If you lock a safe with a key, the authorities can obtain authorization to take the key (something you have) and open it. However, if you locked the safe using a combination (something you know), that information is protected under your Fifth Amendment right to avoid self-incrimination.
What that means is that something you have, a key, can be taken and used against you. While something you know, a combination, can ultimately be compelled by a judge. Even then, you have rights -- and a decision -- to comply or not.
Traditionally, this means that while the state can compel you to provide a physical key -- and now a biometric -- to unlock a safe or other device, it cannot require you to divulge a combination or password. That’s because revealing the password is akin to testifying against yourself.
And the fifth amendment protects us against testifying against ourselves.
What happened in Florida
You can read the full opinion here for background on the circumstances of the case. The prosecutors looked at the underlying precedent to argue that supplying the passcode to the device is not actually testifying against yourself.
The judge agreed.
While most of the tech world lamented the mistaken nature of the court, Shawn Tuma read through the opinion and made an interesting discovery:
"The Fifth Amendment privilege protects an accused from being compelled to testify against himself, or otherwise provide the state with evidence of a testimonial or communicative nature." (citing Schmerber v. California, 384 U.S. 757, 763 (1966))). "The word 'witness' in the constitutional text limits the relevant category of compelled incriminating communications to those that are 'testimonial' in character."
Tuma notes the importance of understanding the phrase “‘testimonial’ in character.”
"[I]n order to be testimonial, an accused's communication must itself, explicitly or implicitly, relate a factual assertion or disclose information. Only then is a person compelled to be a 'witness' against himself."
Tuma explained that at point here is the concept of substantive value. The case then explores the three prongs of protecting from self-incrimination (an interesting read) and suggests:
That is, "it is not enough that the compelled communication is sought for its content. The content itself must have testimonial significance."
Tuma noted that this is the key point and reframes it as “Does the testimony go to evidence of elements of the charge - or just how you get to such evidence?” He continues by explaining, “it’s the difference between taking ‘testimonial’ from how it is communicated versus what is being communicated.”
In the past, the protection centered simply on the how instead of exploring the substantive value of what was communicated. In this case, the prosecution successfully argued that what was as important.

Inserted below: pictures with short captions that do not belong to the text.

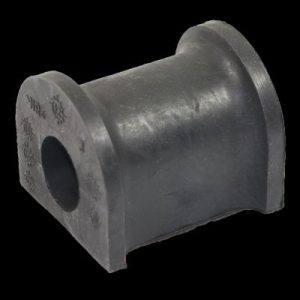 Bucsa bara stabilizatoare RINGER 1141007326 – VW | AutoRival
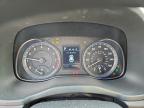 Lot #3304001670 2020 HYUNDAI KONA SE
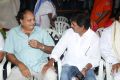 Brahmin Associations Felicitated Jai Simha Movie Team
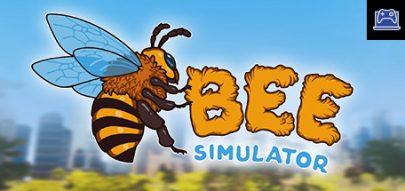 bee simulator genres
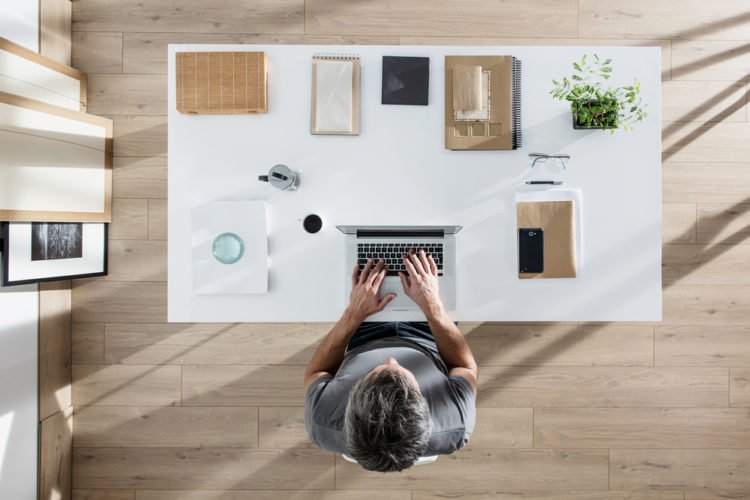 time and work health| Longevity LIVE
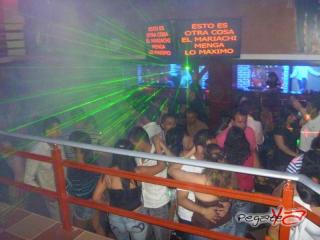 Foto 6 de El Mariachi - Junio 23 en El Mariachi Cali, Cali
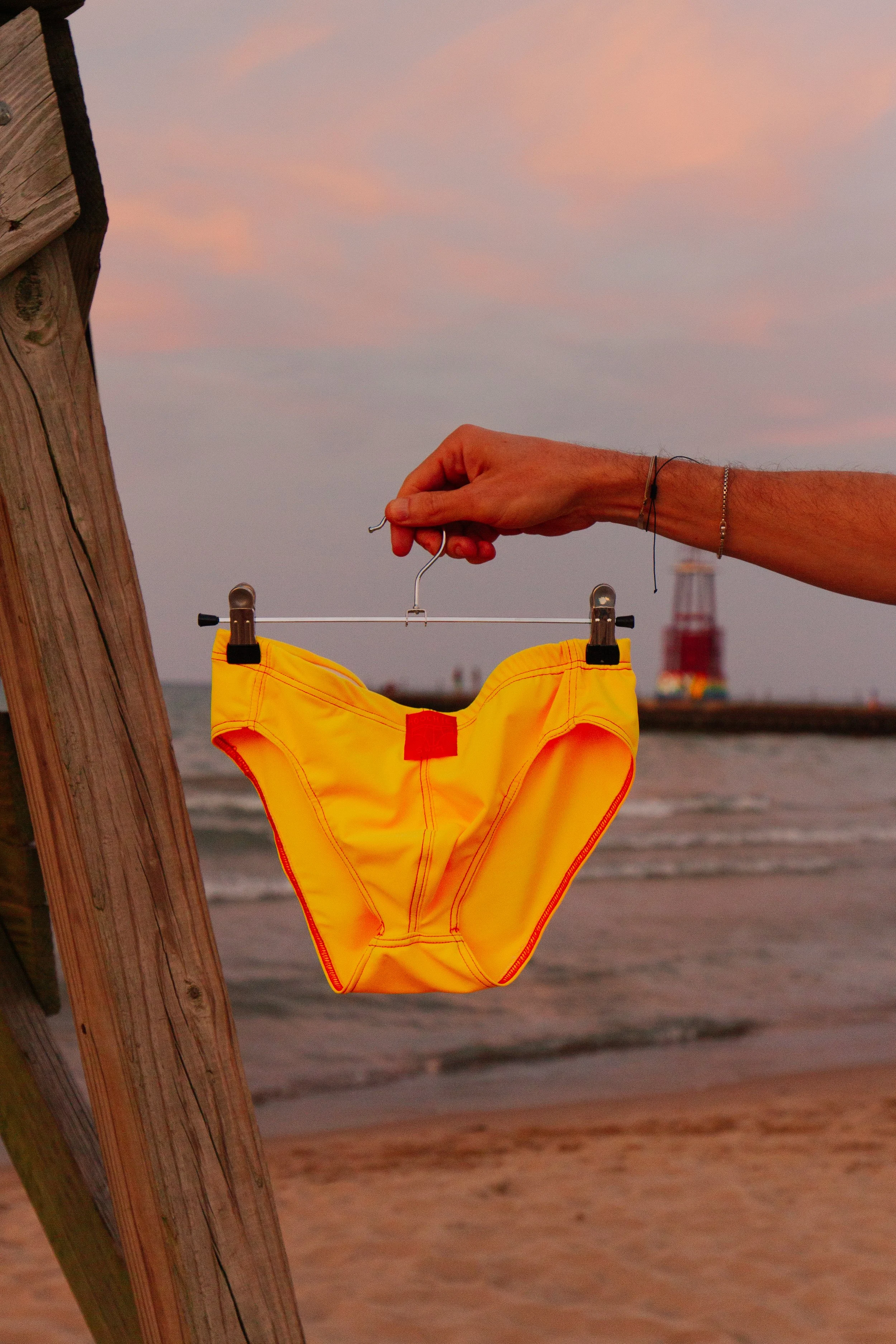 Hoochie swim Hollywood beach Aug 2026-105.jpg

Tuma clarified the principle difference as ““The mind has to be extensively used in creating the response or relate him to the offense.”
What it means for security leaders
While the specifics and nuances of this case made the argument valid (at least for now), this clearly demonstrates how the law evolves. Even with the precedent previously set.
As Shawn pointed out, “it's really a pretty easy approach to understanding law – each case builds on something else and usually there's only one or two lines in a case that really turn it one way or the other it's just a matter of figuring out where that is."
When we ponder “How does the law adapt to new technology?”
This is how.
Tuma summarized the importance of this opinion by explaining, “the methodology that the court used provides a nice example of the evolution of law through the common law method -- which is how the law has traditionally adapted to address new issues."
This is how we advance for better and for worse. It’s a lengthy process. We have a role in it, too. Make time to sit with your legal team to discuss the case and explore implications for your organization. Learn from their experience and offer your insights, too. This way we all get a bit better.